Jangan Sok Benar, Jaga Silaturahmi
Lalu, bagaimana caranya menjaga kedamaian? Mu’ti menyodorkan tiga prinsip utama. Pertama, hilangkan sikap merasa paling benar. Nabi Muhammad SAW saja rendah hati, masa kita mau merasa superior?
Kedua, stop prasangka buruk. Jangan juga sibuk mengorek-orek kesalahan orang lain. Yang ketiga, ini yang sering dilupakan: perkuat silaturahmi.
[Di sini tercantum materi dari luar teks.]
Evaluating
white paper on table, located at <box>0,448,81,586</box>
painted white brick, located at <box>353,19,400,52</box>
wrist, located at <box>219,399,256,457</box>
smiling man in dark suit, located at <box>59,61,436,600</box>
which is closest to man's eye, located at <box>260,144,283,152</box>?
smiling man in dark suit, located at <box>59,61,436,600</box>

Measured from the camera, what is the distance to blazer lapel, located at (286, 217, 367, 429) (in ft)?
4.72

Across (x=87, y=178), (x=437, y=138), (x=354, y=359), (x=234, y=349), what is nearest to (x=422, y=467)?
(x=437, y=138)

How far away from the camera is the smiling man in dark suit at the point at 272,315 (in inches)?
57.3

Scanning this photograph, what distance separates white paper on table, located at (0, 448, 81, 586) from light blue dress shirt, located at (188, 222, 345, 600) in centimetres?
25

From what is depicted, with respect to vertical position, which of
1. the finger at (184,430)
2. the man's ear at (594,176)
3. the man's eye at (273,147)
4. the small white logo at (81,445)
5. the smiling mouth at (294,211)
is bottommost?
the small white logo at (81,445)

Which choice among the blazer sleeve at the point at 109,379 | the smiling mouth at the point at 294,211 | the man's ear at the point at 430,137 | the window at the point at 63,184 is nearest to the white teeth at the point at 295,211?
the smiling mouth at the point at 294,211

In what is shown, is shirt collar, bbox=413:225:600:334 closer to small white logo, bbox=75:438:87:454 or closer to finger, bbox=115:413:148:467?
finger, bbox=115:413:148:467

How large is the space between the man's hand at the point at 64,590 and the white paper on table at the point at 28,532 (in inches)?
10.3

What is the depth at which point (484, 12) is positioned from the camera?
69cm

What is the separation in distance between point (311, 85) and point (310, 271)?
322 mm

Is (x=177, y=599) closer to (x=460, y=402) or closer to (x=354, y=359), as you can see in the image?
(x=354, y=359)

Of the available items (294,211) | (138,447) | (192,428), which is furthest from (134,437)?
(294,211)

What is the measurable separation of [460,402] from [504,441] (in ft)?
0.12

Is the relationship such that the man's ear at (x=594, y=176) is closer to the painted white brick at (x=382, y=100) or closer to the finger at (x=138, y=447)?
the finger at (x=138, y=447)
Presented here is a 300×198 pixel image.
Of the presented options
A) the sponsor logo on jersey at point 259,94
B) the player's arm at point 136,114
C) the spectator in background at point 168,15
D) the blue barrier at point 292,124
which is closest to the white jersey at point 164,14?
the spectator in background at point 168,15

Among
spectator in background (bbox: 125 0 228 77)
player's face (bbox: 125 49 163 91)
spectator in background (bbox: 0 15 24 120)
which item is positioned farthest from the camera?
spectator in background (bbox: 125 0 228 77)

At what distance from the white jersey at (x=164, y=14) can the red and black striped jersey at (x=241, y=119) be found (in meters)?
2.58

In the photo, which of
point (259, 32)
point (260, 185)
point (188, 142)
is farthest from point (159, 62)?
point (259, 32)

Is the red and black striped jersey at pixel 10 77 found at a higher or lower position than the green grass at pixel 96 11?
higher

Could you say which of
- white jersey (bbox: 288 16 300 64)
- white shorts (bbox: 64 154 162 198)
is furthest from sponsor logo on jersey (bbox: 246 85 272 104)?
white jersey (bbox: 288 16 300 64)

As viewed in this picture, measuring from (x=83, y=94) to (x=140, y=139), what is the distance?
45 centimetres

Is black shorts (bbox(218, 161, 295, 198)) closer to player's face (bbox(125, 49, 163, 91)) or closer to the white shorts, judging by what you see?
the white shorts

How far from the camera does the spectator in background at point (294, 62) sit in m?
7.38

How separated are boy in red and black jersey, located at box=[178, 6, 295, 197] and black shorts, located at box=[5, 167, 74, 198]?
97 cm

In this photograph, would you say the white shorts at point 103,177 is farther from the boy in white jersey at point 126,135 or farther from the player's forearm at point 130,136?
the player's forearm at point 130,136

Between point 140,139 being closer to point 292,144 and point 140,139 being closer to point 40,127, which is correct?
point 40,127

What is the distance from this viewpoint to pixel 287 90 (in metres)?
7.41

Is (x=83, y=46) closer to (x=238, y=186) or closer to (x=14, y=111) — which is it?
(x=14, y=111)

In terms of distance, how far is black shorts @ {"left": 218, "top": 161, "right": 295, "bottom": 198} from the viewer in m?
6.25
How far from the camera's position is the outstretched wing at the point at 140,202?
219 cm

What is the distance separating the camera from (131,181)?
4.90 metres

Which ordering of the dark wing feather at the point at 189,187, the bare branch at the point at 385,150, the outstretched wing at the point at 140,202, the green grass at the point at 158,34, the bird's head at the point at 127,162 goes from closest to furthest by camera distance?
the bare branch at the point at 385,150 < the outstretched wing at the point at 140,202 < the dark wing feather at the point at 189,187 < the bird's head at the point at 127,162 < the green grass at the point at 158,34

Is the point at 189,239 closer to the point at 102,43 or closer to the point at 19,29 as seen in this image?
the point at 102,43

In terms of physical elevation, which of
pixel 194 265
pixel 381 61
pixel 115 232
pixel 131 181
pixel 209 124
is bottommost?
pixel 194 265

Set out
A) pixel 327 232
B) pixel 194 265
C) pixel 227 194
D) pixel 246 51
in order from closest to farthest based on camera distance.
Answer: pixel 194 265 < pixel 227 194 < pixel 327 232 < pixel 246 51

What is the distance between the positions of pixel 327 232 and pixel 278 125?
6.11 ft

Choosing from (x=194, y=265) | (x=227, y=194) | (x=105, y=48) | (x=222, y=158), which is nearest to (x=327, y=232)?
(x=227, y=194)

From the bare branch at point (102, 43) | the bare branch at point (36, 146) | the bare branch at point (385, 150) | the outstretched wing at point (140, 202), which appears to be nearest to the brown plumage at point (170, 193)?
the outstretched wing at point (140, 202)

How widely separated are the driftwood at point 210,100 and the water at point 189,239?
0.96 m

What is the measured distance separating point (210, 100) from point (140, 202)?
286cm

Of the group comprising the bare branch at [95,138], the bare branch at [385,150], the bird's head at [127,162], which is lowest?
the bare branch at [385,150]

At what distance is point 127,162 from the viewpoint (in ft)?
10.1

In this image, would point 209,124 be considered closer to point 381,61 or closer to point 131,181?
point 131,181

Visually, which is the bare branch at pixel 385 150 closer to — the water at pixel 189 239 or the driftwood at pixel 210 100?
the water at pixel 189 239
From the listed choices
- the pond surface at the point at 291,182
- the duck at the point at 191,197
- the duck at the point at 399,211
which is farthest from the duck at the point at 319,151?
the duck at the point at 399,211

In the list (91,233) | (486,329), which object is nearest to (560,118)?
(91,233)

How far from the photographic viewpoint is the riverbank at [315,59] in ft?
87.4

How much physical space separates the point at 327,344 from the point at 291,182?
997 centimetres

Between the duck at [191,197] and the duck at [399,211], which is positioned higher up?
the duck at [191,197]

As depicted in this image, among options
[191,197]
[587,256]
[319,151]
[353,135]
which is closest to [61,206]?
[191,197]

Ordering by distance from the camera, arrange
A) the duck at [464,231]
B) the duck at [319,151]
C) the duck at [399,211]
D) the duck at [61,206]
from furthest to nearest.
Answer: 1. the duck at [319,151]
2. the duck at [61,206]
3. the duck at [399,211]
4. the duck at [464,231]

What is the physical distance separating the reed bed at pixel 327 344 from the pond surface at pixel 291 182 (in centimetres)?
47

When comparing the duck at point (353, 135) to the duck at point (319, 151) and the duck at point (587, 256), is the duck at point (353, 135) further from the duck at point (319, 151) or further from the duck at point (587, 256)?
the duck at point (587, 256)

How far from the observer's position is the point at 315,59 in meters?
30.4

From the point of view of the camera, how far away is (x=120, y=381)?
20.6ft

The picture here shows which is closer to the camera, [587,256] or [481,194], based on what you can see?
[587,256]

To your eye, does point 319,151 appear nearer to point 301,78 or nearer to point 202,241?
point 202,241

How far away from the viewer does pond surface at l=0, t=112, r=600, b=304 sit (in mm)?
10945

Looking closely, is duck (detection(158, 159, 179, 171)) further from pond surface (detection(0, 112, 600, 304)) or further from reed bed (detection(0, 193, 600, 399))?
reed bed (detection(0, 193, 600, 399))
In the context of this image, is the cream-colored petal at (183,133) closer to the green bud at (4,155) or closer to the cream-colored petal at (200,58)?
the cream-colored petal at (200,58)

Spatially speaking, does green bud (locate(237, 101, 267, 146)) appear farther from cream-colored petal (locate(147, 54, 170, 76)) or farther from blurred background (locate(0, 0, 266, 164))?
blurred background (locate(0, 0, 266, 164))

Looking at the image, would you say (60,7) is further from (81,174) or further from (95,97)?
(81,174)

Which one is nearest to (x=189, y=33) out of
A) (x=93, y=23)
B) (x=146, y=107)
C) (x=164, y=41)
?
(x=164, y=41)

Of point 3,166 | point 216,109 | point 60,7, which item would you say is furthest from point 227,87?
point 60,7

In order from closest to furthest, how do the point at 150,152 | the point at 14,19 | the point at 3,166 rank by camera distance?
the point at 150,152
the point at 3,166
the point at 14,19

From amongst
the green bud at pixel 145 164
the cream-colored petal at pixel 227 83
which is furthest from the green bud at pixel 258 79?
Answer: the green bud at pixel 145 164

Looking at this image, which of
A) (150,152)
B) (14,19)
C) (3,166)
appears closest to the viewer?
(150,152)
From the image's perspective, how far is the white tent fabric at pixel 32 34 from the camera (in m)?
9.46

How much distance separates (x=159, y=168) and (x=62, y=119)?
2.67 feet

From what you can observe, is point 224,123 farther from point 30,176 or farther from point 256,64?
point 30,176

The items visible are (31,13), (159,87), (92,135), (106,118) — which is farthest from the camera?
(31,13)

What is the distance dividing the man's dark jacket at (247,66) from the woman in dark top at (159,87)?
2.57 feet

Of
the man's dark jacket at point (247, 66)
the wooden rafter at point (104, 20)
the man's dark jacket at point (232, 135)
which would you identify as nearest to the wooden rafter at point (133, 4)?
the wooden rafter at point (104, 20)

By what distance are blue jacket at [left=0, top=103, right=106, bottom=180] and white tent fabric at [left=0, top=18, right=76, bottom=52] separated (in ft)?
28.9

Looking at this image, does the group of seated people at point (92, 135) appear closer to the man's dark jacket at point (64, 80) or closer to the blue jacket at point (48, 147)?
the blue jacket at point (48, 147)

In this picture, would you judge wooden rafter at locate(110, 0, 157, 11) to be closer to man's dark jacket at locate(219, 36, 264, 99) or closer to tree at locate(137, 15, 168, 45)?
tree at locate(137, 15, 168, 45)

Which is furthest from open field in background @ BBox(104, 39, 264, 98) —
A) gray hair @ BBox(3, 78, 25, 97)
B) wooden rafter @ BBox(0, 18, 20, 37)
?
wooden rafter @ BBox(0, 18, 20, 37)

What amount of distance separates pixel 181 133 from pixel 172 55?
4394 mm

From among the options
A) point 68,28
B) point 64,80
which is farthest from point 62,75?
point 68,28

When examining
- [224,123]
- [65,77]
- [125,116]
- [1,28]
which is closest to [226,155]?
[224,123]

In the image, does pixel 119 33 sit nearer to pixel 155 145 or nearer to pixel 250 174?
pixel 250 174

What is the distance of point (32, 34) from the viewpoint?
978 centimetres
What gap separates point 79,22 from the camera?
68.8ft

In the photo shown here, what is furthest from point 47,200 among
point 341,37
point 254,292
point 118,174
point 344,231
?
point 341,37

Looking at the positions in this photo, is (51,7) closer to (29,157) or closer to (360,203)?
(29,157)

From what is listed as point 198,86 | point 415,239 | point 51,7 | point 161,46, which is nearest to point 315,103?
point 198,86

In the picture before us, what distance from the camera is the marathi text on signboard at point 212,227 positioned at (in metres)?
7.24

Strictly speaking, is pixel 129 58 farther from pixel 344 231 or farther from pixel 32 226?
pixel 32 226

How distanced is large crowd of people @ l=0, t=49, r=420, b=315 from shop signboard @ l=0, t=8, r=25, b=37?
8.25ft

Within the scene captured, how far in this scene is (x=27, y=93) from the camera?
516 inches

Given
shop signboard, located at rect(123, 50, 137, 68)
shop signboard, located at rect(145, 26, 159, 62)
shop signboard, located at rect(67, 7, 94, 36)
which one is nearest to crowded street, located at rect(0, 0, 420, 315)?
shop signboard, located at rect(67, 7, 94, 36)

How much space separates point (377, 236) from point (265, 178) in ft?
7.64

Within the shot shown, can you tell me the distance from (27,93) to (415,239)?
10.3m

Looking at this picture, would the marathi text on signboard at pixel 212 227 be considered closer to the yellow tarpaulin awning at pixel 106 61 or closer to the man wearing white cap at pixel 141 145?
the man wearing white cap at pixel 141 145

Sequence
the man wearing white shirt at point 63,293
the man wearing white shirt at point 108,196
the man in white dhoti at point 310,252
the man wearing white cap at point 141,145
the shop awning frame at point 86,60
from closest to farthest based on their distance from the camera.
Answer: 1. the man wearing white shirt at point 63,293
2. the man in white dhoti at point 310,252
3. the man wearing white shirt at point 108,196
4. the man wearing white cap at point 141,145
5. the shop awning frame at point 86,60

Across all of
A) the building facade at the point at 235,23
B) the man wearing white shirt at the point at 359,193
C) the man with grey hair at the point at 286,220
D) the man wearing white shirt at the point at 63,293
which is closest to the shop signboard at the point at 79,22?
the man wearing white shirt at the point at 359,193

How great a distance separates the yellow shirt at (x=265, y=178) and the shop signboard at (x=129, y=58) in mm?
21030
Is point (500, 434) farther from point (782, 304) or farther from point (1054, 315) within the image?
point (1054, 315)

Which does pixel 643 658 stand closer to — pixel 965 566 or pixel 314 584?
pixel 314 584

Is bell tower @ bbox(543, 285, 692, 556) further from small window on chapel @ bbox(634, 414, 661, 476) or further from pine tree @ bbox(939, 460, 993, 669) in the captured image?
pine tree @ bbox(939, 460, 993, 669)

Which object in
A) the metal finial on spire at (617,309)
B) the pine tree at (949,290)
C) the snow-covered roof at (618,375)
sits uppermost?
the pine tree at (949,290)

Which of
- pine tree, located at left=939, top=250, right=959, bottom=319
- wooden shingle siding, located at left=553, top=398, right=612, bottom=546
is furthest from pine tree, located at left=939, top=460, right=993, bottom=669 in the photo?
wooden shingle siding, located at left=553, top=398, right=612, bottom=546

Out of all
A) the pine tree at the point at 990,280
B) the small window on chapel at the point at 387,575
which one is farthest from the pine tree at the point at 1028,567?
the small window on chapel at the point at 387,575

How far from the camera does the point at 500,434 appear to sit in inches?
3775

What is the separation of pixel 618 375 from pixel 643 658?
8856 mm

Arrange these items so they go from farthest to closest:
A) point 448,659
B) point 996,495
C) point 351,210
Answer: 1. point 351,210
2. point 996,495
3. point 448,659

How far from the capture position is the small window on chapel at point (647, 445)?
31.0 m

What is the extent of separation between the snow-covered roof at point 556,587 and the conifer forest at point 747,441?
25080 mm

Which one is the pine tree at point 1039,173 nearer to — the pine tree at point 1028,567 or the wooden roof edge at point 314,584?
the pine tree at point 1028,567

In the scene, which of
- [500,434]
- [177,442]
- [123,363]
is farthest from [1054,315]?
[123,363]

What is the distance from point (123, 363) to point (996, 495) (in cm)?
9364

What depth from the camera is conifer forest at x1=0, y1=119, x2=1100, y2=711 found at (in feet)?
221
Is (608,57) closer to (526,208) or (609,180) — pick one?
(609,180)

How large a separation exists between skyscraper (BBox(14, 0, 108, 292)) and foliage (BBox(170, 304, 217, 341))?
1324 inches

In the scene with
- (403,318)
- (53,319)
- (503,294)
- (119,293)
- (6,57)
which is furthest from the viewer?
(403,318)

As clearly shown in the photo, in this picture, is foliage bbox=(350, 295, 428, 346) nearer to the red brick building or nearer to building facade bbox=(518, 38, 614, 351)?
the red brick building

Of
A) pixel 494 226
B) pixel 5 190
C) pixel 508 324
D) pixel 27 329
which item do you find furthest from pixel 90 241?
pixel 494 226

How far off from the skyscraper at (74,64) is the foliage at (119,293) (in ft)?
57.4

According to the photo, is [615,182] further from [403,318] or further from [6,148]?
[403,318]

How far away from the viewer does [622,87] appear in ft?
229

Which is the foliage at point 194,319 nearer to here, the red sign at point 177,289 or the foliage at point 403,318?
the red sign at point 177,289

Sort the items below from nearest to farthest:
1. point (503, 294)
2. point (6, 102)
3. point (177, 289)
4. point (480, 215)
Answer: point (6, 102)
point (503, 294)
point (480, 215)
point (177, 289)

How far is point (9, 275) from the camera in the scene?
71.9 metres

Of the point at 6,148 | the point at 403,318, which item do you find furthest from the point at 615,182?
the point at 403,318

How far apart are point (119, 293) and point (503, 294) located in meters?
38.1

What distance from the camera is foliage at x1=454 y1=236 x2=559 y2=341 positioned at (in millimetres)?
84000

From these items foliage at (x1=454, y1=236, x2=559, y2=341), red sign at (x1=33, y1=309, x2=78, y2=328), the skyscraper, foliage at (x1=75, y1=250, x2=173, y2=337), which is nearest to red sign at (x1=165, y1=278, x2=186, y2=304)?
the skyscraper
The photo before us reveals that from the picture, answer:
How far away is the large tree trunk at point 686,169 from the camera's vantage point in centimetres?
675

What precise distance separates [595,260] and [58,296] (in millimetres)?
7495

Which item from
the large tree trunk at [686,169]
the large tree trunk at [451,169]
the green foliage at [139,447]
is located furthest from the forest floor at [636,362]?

Bukan sekadar sapa-sapa formal, tapi yang betul-betul bisa menyelesaikan konflik dan eratkan hubungan.
Lebih Dari Sekadar Acara Keagamaan
Acara ini rupanya juga jadi ajang konsolidasi yang cukup strategis. Beberapa tokoh penting hadir, sebut saja Andi Sudirman Sulaiman, Ashabul Kahfi, dan Andi Ina Kartika Sari. Kehadiran mereka seperti penegasan: peran Muhammadiyah, khususnya di bidang pendidikan dan kesehatan, tetap sangat relevan untuk pembangunan.
Di penghujung tausiyah, Mu’ti kembali menekankan satu hal yang mungkin agak terpinggirkan di era digital ini: pentingnya ketemu langsung.
"Teknologi memang memudahkan," ujarnya.
Tapi pertemuan fisik, sambungnya, punya nilai lebih yang tak tergantikan. Untuk membangun kedekatan, untuk kesehatan mental, juga untuk pertukaran ilmu yang terasa lebih hangat dan manusiawi.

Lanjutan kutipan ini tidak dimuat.